Mikolaj Jan Piskorski

Associate Professor of Business Administration, Richard Hodgson Fellow

Mikołaj Jan Piskorski, who often goes by Misiek, is an Associate Professor of Business Administration and Richard Hodgson Fellow in the Strategy Unit at the Harvard Business School. Follow @mpiskorski on Twitter.

Misiek received his B.A and M.A. (Cantab) from University of Cambridge where he read Economics and Politics at Christ's College. Subsequently, he received his A.M. in Sociology and Ph.D. in Organizational Behavior from Harvard University. After completing his Ph.D. he became a faculty member in the Organizational Behavior area at the Graduate School of Business at Stanford University. In 2004, he returned to Harvard to teach the Required Curriculum Strategy course in the MBA Program. He is now teaching his own Elective Curriculum class: Competing With Social Networks. In addition, Misiek teaches in Building and Sustaining Competitive Advantage, Driving Digital and Social Strategy, Media Strategies and Strategic IQ Executive Education programs as well as in a number of custom programs.

Misiek is an expert on why and how people use various on-line social platforms, both in the U.S. and abroad. He also studies how firms can leverage these platforms to build social strategies. He also applied many of these insights to large organizations as they seek to become more agile and use social networks to execute their strategies. He has documented this research in a book called Social Strategy:  How Social Media Platforms Work and How to Leverage Them for Competitive Advantage, forthcoming in 2013.

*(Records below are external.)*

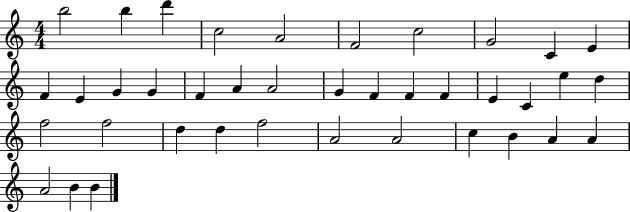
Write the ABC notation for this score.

X:1
T:Untitled
M:4/4
L:1/4
K:C
b2 b d' c2 A2 F2 c2 G2 C E F E G G F A A2 G F F F E C e d f2 f2 d d f2 A2 A2 c B A A A2 B B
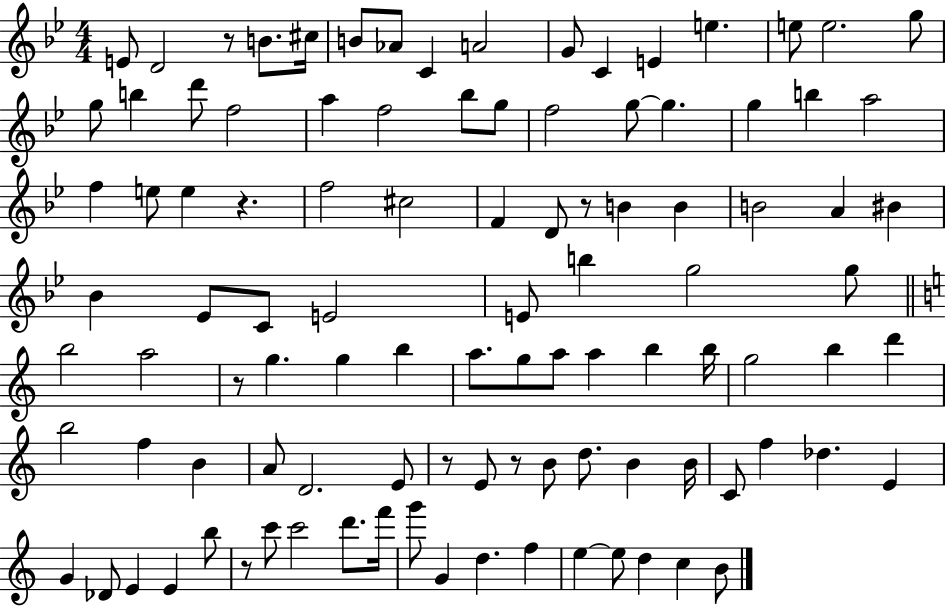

His research has been published in Administrative Science Quarterly and Social Forces and cited in the New York Times, Business 2.0, and Investors Business Daily. He serves or has served on the editorial boards of several academic journals including American Journal of Sociology, Administrative Science Quarterly, Management Science and Organization Science.​

 
  1. On-line social networks

    Professor Piskorski's current research examines why and how people use on-line social networks, both in the US and abroad. Using extensive fieldwork and large scale empirical analyses, he constructed theories of social failures and networks as covers which allow us to understand numerous facets of people's on-line behaviors. Professor Piskorski is also an expert on how firms can harness the power of social networks to build sustainable businesses. He has applied many of these insights to large organizations as they seek to become more agile and use social networks to execute their strategies.

    Keywords: social networks;

  2. Social media and user-generated content

    In this project, Professor Piskorski, jointly with Andreea Gorbatai, examines inherent trade-offs in provision of user-generated content, using Wikipedia as a research setting. In Wikipedia, every user has the right to add material to an article, but with no explicit attribution of authorship or copyright. Subsequent users can easily delete previously written material and add their own, which allows for fast improvement in the quality of articles. However, the process also has a demoralizing effect of seeing one's own well-thought out contribution deleted, leading many of Wikipedia editors to abandon the project. The objective of this project is to identify the types of social structures that keep the editors involved even though their contributions are routinely deleted.

  3. Previous research

    Professor Piskorski's previous research examined the role of power and status in social networks in the venture capital industry. Prior to that, Professor Piskorski studied the role of power in profitability and vertical integration decisions in the US economy.